I seriously doubt that's the case.  Normalization might reduce that
100TB down to 10's of TB instead, or perhaps even smaller.

> With tables that big I usually do "software partitioning".
> I make the software aware of the partition schema so it can direct the
> queries to the needed (sub-)tables.

Yes, implementing partition elimination at the application level is
certainly an approach that can work with PG.  Even then, ideally, you'd
normalize the data so that the footprint is much smaller, making more
efficient use of the storage and memory available.

Thanks!

Stephen

Attachment

Re: PostgreSQL suitable?

From
Stephen Frost
Date:
Greetings,

* James Keener (jim@jimkeener.com) wrote:
> Would a storage block level incremental like zfs work?

This really depends on what you want out of your backups and just
exactly how the ZFS filesystem is set up.  Remember that any backup of
PG that doesn't use PG's start/stop backup must be atomic across all
tablespaces and even then that really just allows you to bring PG back
up as of that point of the snapshot.  I wouldn't recommend trying to
play WAL forward from that kind of a backup.  If you use do use
pg_start/stop_backup with ZFS snapshots, and make sure to track all of
the WAL that's generated between the start/stop backup and ensure it's
reliably stored, etc, then they can work, but it's not simple.

Thanks!

Stephen

Attachment

Re: PostgreSQL suitable?

From
Vincenzo Romano
Date:
Hi.

2017-12-19 17:32 GMT+01:00 Stephen Frost <sfrost@snowman.net>:
> Greetings,
>
> * Vincenzo Romano (vincenzo.romano@notorand.it) wrote:
>> 2017-12-19 16:48 GMT+01:00 Stephen Frost <sfrost@snowman.net>:
>> > * Vincenzo Romano (vincenzo.romano@notorand.it) wrote:
>> >> Sorry, my bad: I confused V10 with v11.
>> >> But accordingly to a discussion with Bruce Momjan, table partitionin V10 is
>> >> little more than syntactic sugar around old-fashioned table partitioning.
>> >
>> > Well, it's a bit more than that since there's tuple-routing, but you're
>> > right that the partition elimination is the same as it was in earlier
>> > versions and based on constraint exclusion.  That said, as noted in the
>> > email you replied to, reasonable numbers of partitions aren't too bad
>> > even with the planning cost; it's when you have many thousands of
>> > partitions that you get into cases where planning time for queries is
>> > really bad.
>>
>> When you have to handle a 100TB table, the number of partitions
>> shouldn't be 10 or 12
>> as seen in most examples and tests.
>
> Probably not, but it would depend on the data and what you're doing with
> it.  While there are some general rules-of-thumb, there's no one right
> answer when it comes to the size of individual partitions.

I think partitioning is done in order to make smaller tables or to
balance table size and table number.
You currently have to keep in mind a limit to the number of sub-tables.
This makes partitioning less effective.

>> This is the same type of issues you hit with partial indexes (this is
>> why I mentioned them earlier).
>> Sub-table (and partial index) selection algorithm should be
>> logarithmic or sub-linear.
>
> Sure, and work is being done to improve PG in that exact area, but that
> doesn't mean it can't handle workloads like this today, but you have to
> be aware of the costs associated with today's partitions.
>
>> As long as it'll be linear, you'll hear about "reasonable number of partitions".
>> One thousand partitions for a 100TB table would make "manageable"
>> 100GB sub-tables.
>
> Yup, and 100G tables are certainly large and a bit awkward but they can
> be managed.

Of course.
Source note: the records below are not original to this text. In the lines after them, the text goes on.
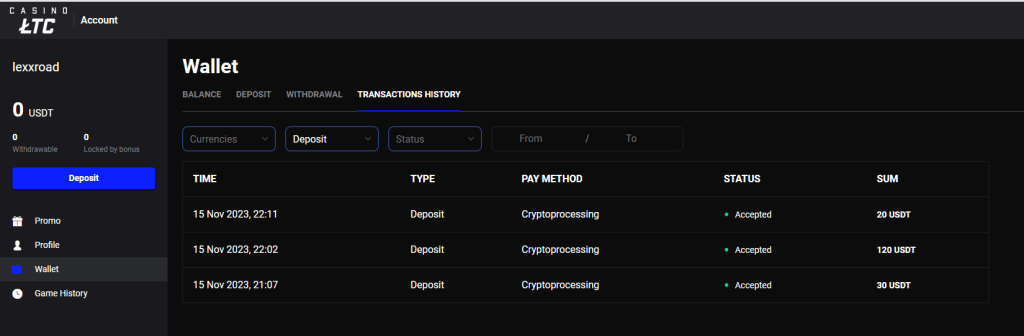 The proof of deposits at LTC Casino
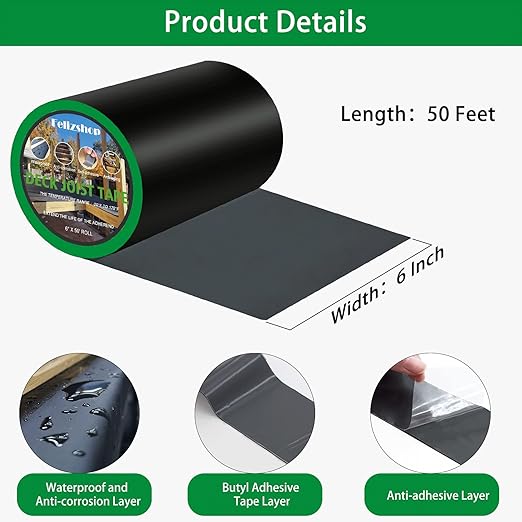 6" x 50' Butyl Deck Joist Tape for Wood Beams and Building Joists, Weather Resistant and Anti-Corrosion Self-Adhesive Flashing Tape for Deck Protection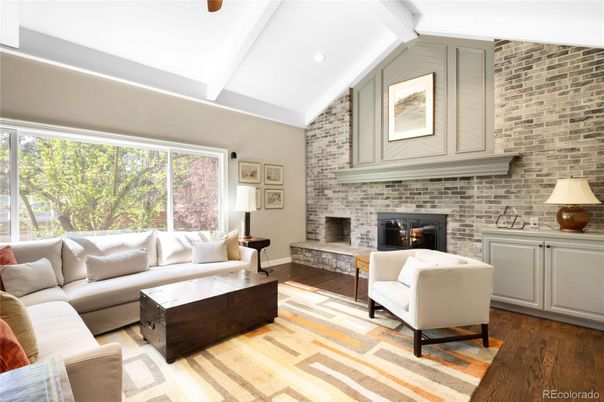 Fireplace, Interior, Living room, Stone Walls, Wood Texture Flooring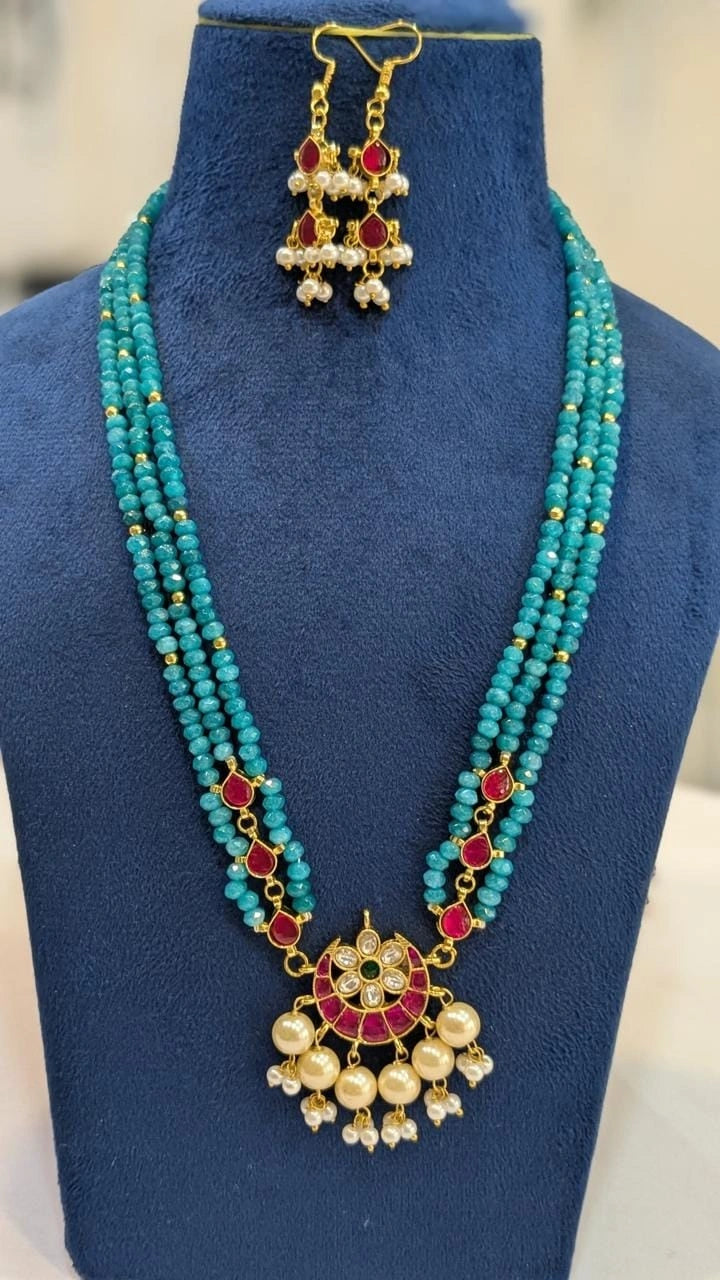 Onyx beads with kundhan necklace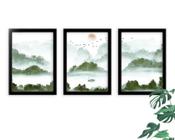 Kit 3 Quadros Decorativos Com Molduras Paisagem Verde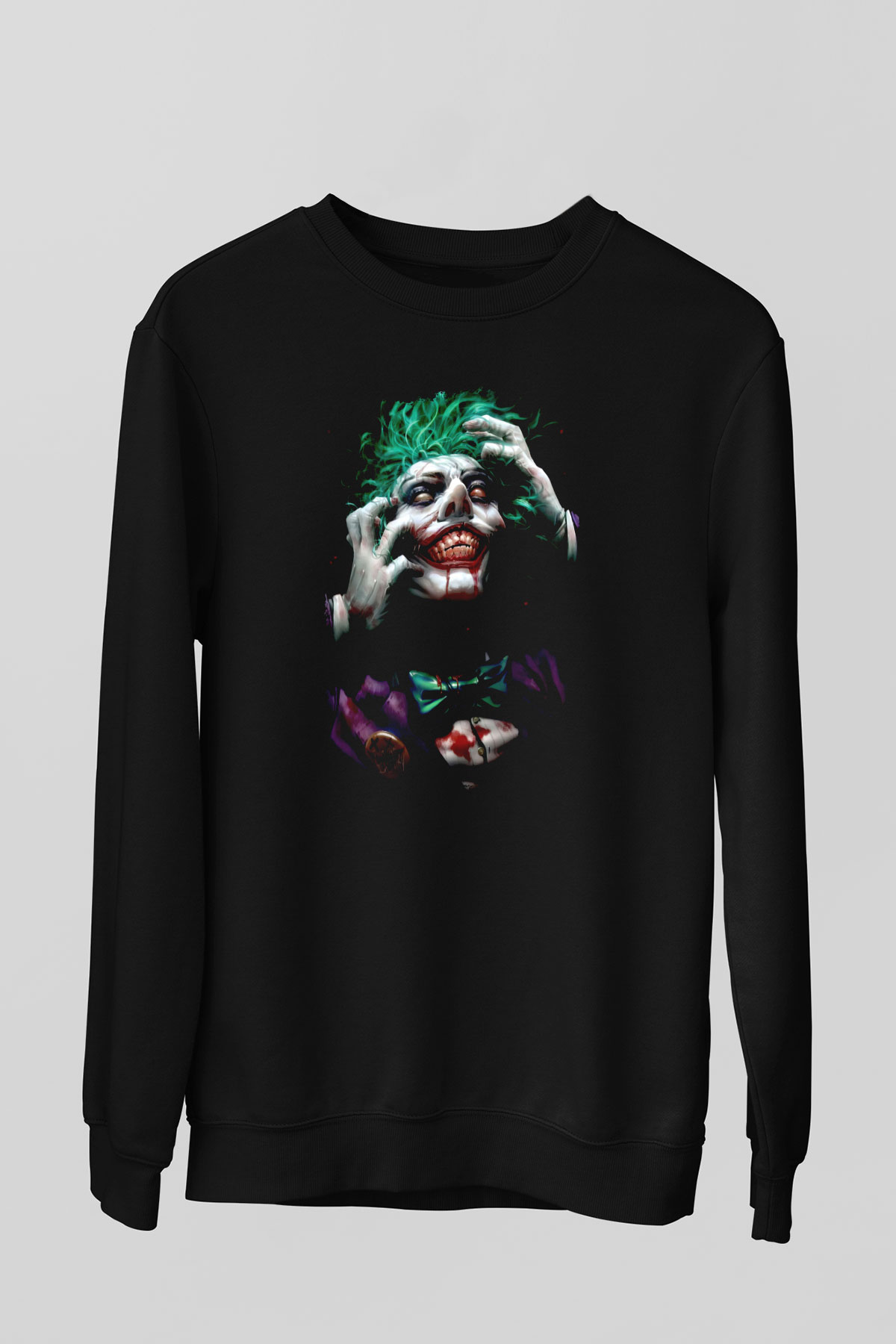 Joker Baskılı Unisex Siyah  Sweatshirt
But I would bet they are still considered as "very large tables".

>> I could be easily wrong, but this is an are where PG needs improvements.
>
> Of course, and work is being done to improve it.  What's important is
> knowing that there's a cost to having more partitions when querying
> through the parent when you get to a point where you have thousands of
> partitions.  That cost may be perfectly fine in some use-cases and in
> others it might not be, and instead you'd likely have to build logic
> into the application layer to address it.  That's not ideal, which is
> why there's work being done to improve PG, but it's not necessairly a
> big deal either.  Dynamic SQL is another approach.
>
>> One could maybe think about multi-level partitioning, though.
>
> Not sure exactly what you're referring to here, but a simple multi-level
> partitioning setup with PG wouldn't actually change the cost for
> partition elimination today.

It'd be a tree of tables, pointing to logarithmic selection.
This is why we love tree data structures.
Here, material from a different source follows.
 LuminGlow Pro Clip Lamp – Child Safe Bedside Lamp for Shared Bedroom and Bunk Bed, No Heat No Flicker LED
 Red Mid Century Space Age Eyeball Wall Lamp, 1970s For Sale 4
>> > Also as noted on this thread, PG could handle this data volume, but to
>> > be efficient there would be work to be done in normalization,
>> > aggregation, and analyzing the system to ensure you're storing and
>> > querying on the data efficiently.
>>
>> Normalization will grow the number of tables (and later joins) and
>> you'll will very likely end up with at least a table with a
>> "gazillion" rows.
>
> Natuarlly, but that "gazillion" rows table would be much smaller for
> having the data normalized- if you don't normalize it then the gazillion
> row table is a huge amount of duplicated data, making the entire system
> much larger than necessary.

Partitioning is done for other reasons than de-duplicating data.
The number of rows to be analyzed would be still the same and the
indexes over those columns would still be rather large.

>> I fear normalization, provided it's really needed, would provide little help.
>
> I seriously doubt that's the case.  Normalization might reduce that
> 100TB down to 10's of TB instead, or perhaps even smaller.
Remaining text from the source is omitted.